* Source material *
^^^^
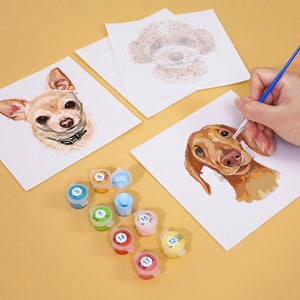 Mini Set Dipingere con i numeri 15x15cm (6 pezzi) - Cani Carini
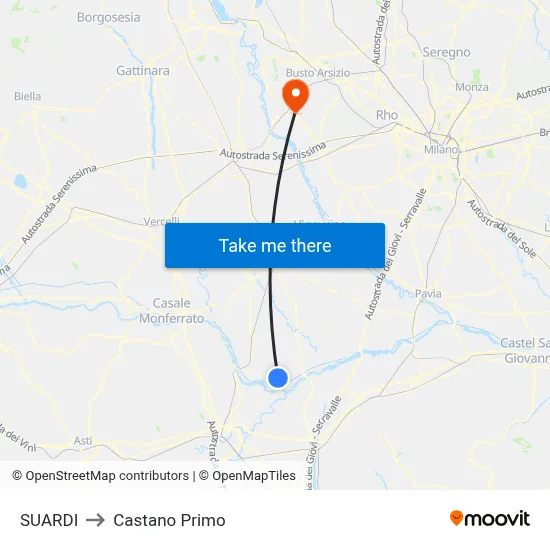 Suardi to Castano Primo map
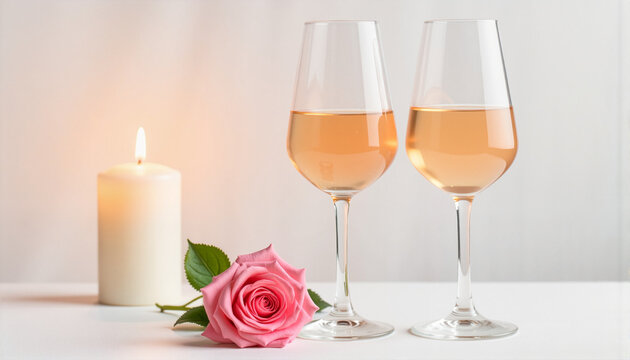 Wine glasses with pink rose and candlelight, Valentine's Day Charity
^^^^
* What you will do *
All lines above are to be restated word for word, with pictures excluded.

* Response to this exercise *
 Mini Set Dipingere con i numeri 15x15cm (6 pezzi) - Cani Carini
 Suardi to Castano Primo map
 Wine glasses with pink rose and candlelight, Valentine's Day Charity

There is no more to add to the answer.